* [Exercise goal]
Below are some records; quote exactly the lines from the one that contains "House Front Yard" through the one that contains "Framed floral artwork", inclusive, and no others.

--- Provided information Enclosed Below ---

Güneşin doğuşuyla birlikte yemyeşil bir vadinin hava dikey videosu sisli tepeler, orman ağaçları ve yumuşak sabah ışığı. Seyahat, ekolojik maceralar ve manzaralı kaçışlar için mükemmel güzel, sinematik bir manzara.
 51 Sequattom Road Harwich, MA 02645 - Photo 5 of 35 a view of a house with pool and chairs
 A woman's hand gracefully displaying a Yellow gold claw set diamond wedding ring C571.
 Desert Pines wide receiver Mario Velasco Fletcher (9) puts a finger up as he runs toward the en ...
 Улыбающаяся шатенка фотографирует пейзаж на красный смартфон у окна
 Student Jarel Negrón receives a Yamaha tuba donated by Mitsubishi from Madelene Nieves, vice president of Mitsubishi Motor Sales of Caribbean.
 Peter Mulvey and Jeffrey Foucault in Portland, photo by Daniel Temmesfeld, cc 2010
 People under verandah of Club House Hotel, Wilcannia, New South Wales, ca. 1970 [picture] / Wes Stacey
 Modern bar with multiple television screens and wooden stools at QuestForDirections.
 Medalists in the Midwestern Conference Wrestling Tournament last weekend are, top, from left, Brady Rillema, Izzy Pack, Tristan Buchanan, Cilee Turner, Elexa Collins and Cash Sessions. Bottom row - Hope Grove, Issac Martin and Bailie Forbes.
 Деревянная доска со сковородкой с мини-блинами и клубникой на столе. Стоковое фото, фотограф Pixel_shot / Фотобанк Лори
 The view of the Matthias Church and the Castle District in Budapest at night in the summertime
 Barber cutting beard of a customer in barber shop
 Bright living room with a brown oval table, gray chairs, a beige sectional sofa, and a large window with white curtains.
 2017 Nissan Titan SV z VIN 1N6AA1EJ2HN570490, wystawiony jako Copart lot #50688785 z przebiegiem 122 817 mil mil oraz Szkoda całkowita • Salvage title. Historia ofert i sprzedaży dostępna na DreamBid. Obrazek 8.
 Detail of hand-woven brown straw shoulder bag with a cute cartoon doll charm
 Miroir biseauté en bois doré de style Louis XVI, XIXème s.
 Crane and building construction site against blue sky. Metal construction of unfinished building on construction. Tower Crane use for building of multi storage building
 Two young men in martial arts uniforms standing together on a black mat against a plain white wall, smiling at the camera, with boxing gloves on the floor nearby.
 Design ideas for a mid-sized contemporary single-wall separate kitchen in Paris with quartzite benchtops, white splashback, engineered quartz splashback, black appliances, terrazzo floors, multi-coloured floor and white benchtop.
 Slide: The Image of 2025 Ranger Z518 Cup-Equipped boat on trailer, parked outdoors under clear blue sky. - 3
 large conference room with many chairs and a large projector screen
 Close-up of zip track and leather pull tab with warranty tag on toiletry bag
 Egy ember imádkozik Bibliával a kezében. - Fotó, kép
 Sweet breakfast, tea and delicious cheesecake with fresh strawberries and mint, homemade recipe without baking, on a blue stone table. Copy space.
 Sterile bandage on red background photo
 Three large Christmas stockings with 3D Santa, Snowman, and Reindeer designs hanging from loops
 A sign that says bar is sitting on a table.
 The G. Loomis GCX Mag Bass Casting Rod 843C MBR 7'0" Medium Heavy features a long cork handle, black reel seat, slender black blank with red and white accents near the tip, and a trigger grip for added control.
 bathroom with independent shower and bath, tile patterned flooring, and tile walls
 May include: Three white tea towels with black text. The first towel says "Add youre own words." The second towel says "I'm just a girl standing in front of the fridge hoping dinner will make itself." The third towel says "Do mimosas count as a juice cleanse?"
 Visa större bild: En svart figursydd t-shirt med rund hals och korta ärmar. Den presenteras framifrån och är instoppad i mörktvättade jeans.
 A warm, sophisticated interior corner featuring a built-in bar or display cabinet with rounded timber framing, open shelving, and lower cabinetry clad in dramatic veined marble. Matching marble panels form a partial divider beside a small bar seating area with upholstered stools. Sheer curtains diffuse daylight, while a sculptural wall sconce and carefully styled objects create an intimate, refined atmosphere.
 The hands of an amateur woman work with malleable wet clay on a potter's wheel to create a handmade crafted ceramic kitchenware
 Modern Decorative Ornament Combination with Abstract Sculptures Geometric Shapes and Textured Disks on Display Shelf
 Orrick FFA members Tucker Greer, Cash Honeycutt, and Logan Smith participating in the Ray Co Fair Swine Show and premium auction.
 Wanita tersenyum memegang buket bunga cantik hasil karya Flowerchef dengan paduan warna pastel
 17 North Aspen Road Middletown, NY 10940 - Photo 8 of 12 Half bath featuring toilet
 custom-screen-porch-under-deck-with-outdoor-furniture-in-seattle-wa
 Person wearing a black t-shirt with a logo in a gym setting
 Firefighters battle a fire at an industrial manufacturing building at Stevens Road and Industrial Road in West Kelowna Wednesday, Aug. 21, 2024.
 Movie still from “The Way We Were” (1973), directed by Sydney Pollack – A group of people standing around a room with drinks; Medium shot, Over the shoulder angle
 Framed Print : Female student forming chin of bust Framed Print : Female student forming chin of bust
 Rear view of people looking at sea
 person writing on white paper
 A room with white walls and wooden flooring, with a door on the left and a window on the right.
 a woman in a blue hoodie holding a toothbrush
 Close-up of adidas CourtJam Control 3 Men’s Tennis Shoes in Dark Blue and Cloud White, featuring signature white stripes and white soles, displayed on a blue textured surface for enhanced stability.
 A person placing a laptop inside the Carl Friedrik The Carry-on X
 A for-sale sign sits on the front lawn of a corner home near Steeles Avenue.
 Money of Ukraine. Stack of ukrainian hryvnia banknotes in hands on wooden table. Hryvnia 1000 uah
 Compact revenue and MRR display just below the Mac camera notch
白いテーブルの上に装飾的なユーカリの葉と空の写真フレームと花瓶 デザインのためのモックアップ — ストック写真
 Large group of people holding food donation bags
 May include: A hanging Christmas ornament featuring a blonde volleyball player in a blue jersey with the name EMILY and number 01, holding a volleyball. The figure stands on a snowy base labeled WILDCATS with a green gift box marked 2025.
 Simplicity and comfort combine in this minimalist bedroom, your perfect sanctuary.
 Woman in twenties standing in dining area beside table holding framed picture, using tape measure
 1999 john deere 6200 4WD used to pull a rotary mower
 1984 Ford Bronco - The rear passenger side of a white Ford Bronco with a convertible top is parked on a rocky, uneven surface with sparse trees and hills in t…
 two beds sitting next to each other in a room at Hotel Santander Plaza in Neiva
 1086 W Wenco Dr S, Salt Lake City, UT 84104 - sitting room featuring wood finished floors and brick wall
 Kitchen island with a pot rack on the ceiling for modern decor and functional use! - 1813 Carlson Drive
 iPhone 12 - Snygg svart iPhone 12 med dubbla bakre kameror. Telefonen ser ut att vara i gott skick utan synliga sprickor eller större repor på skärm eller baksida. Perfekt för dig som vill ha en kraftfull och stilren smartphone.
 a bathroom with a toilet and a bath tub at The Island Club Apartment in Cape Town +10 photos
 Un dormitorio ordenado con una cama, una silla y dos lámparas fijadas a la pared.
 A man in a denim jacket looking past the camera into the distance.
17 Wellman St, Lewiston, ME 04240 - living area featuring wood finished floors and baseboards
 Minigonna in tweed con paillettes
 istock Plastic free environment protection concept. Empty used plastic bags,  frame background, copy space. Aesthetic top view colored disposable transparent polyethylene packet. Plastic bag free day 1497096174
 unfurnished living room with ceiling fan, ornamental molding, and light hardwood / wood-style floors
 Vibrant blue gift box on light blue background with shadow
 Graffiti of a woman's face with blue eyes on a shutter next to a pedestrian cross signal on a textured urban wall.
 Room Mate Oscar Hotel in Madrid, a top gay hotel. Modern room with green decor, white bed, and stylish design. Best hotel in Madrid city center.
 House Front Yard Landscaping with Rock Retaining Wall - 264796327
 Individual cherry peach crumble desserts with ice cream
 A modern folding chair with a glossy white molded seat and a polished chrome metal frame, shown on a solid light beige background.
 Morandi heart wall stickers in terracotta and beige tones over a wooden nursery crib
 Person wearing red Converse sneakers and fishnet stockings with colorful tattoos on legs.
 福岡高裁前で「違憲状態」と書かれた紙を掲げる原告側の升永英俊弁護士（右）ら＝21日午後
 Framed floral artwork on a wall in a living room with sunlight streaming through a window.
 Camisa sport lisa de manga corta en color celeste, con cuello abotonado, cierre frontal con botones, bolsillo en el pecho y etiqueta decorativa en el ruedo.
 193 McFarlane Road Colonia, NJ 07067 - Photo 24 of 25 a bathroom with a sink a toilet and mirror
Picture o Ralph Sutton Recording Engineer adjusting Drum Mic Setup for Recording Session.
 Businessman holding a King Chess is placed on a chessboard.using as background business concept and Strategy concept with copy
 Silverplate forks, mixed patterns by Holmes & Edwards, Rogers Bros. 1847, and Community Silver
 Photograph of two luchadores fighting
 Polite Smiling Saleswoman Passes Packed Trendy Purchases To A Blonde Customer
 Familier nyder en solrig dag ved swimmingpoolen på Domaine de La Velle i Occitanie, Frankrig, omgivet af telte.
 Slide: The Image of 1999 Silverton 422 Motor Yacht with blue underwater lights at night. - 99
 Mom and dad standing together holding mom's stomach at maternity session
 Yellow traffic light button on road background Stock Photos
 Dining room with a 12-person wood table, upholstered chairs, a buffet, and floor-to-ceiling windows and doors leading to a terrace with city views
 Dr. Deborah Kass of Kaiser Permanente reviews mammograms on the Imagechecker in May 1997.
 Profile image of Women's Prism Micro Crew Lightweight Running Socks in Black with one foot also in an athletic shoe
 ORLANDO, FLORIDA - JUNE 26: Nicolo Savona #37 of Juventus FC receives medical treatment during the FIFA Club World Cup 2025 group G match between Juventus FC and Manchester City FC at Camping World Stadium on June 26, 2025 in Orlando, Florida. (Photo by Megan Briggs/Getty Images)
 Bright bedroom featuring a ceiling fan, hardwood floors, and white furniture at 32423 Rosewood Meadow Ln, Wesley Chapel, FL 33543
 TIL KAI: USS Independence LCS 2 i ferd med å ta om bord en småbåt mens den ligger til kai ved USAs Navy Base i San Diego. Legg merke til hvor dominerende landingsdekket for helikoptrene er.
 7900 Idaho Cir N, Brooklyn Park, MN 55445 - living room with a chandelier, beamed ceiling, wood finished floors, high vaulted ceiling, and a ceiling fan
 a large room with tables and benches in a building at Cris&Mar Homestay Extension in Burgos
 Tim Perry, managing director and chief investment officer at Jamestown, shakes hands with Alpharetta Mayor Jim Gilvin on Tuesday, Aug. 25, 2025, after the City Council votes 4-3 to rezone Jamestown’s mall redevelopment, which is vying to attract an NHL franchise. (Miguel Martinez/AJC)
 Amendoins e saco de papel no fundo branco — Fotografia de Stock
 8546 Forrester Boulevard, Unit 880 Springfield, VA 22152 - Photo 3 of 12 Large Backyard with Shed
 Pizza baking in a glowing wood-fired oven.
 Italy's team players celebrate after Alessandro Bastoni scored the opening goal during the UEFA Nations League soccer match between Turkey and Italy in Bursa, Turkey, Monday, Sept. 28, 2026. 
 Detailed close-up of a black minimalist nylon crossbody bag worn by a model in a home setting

--- End of Enclosed Provided information ---

* [Answer to this problem]
 House Front Yard Landscaping with Rock Retaining Wall - 264796327
 Individual cherry peach crumble desserts with ice cream
 A modern folding chair with a glossy white molded seat and a polished chrome metal frame, shown on a solid light beige background.
 Morandi heart wall stickers in terracotta and beige tones over a wooden nursery crib
 Person wearing red Converse sneakers and fishnet stockings with colorful tattoos on legs.
 福岡高裁前で「違憲状態」と書かれた紙を掲げる原告側の升永英俊弁護士（右）ら＝21日午後
 Framed floral artwork on a wall in a living room with sunlight streaming through a window.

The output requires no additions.